Estava eu vendo os canais de vlogs de viagem que eu curto muito e me deparei com um vídeo que trazia no título a ideia de como se manter limpo e arrumado na estrada. Faz parte de uma série de vídeos que eles contam como é viver viajando e em um motorhome, sendo um nômade digital. Não vou citar o nome do canal, pois de forma alguma quero expô-los. Adoro o trabalho deles, mas a minha crítica é mais estrutural.

Em um certo trecho do vídeo, depois de apresentar todas as nécessaires com produtos de higiene pessoal, cremes, aparelhos e maquiagens, ela nos conta que poucos meses depois de começar a viajar, estava se sentindo mal, desanimada e começou a refletir sobre o porquê. A conclusão é que ela estava se sentindo desleixada, pois não se maquiava mais todos os dias como fazia no Brasil. Apenas usava corretivo nos olhos. Falar que ela se sentia desleixada e o que faltava para ela se sentir bem consigo mesma, soou pra vlogger incômodo. Então, ela pontuou que não se maquiava por conta do trabalho em escritório, para agradar as pessoas do seu círculo social ou porque tinha vergonha de si. O maquiar-se era um ritual que a fazia feliz, a sensação de que ela estava se cuidando. Essa fala foi logo depois de mostrar uma bolsa grande só de maquiagens, com paletas de sombras e blushes.

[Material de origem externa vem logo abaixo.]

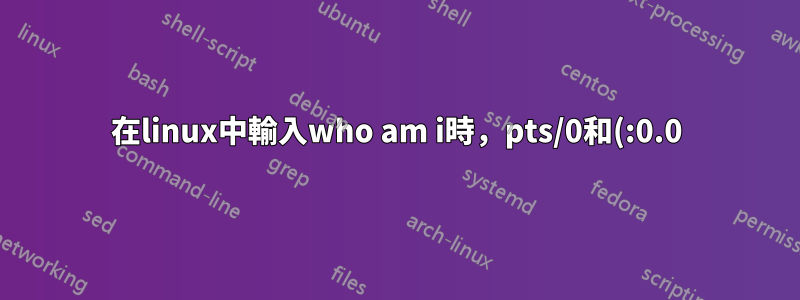 在linux中輸入who am i時,pts/0和(:0.0)是什麼
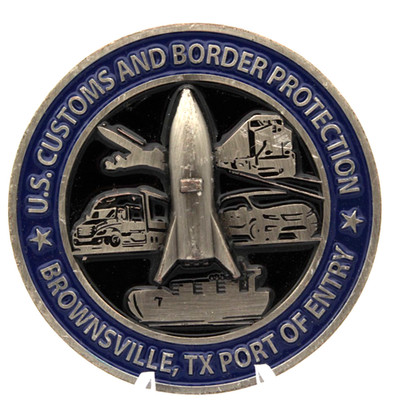 US Customs Border Protection CBP Brownsville TX Port of Entry Veterans Medallion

A priori, a minha reflexão foi sobre os meus próprios hábitos. Poxa, eu Thaís, sou desleixada mesmo. Dificilmente, eu uso maquiagem no meu cotidiano e raramente, uso no meu trabalho. Para mim, a maquiagem muitas vezes tem a ver com festividades, quando quero disfarçar algo em mim ou quando eu acordei inspirada e fico pensando que usar a make vai me fazer chegar arrasando em algum lugar.

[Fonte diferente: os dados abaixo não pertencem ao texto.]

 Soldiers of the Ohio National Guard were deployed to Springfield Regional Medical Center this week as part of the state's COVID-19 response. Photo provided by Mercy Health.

A questão é que o pensamento dela e o meu sobre cuidado de si e maquiagem, apesar de distintos, eles não partem apenas da nossa opinião. As nossas escolhas são parte de uma estrutura cultural. É cultural nós, mulheres, usarmos maquiagem. Quando os homens se maqueiam, há toda uma chacota social por isso, pois eles estão se tornando “mulherzinhas”. Afinal, se identificar como uma mulher é algo que demonstra inferioridade. Um toque de misoginia no nosso cotidiano.

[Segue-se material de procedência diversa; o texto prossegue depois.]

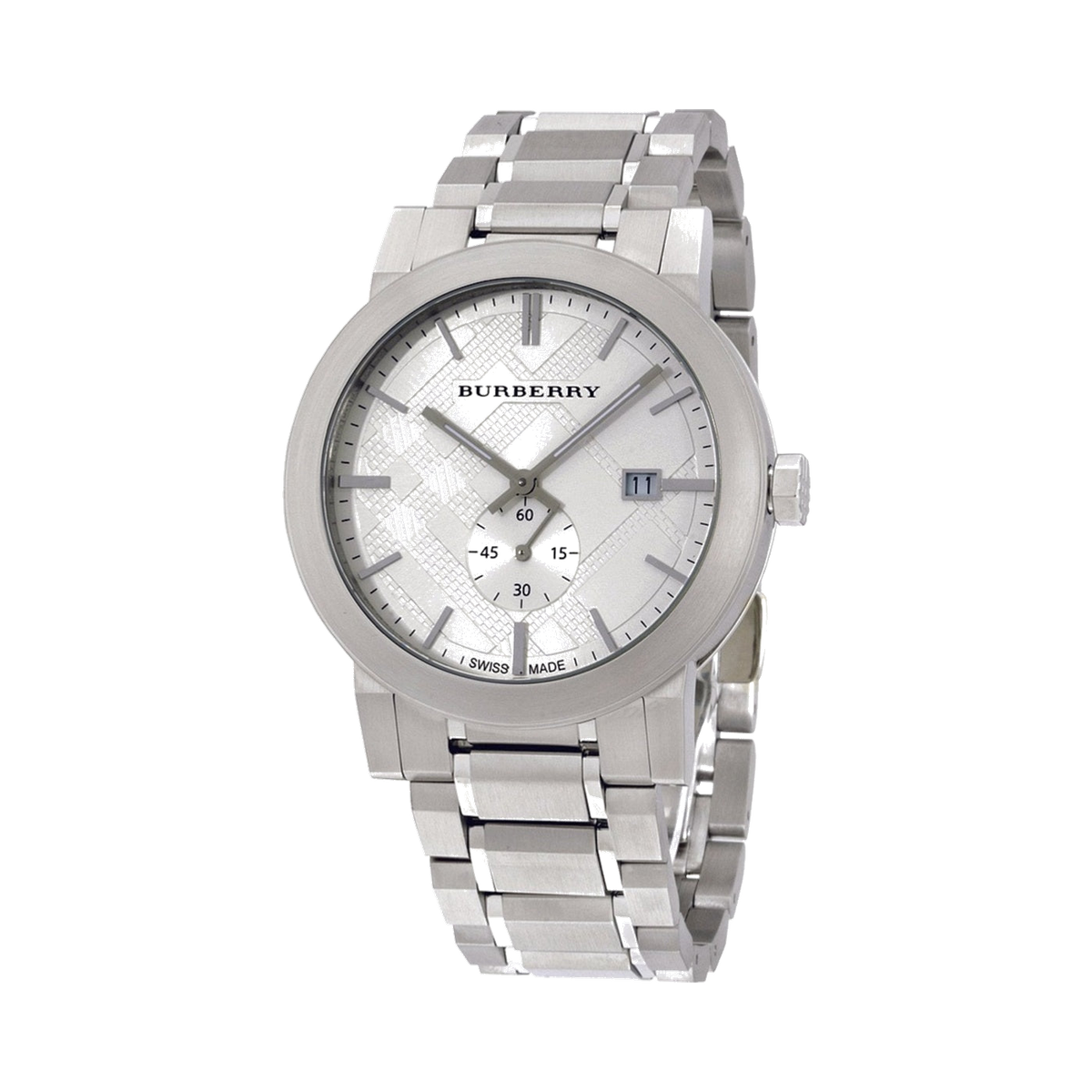 Burberry The City Silver Dial Stainless Steel Wristwatch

Quando viajo, sinto uma certa liberdade por não ter que me preocupar com certos códigos que só fazem sentido em São Paulo, a metrópole que engole, para mim. Ir à praia, por exemplo, é sinal de que eu não preciso fazer esforço nenhum pra colocar uma maquiagem que vai derreter na minha pele e arder os meus olhos, brincos que irão pesar. Coloco o que me deixa mais livre.  Isto vai muito do fato que os anos pesquisando e lendo sobre feminismo e outros assuntos em relação a este, me fizeram rever vários pontos. Porém, isto não significa que os padrões de beleza não ajam sobre mim de forma dolorosa muitas vezes.

Mas afinal, o que faz alguém entender como cuidado de si, o uso da maquiagem em um espaço que é o do inseguro, da constante transformação, do desgaste físico, das possibilidades e das surpresas? O que dos nossos valores e padrões permanece na estrada?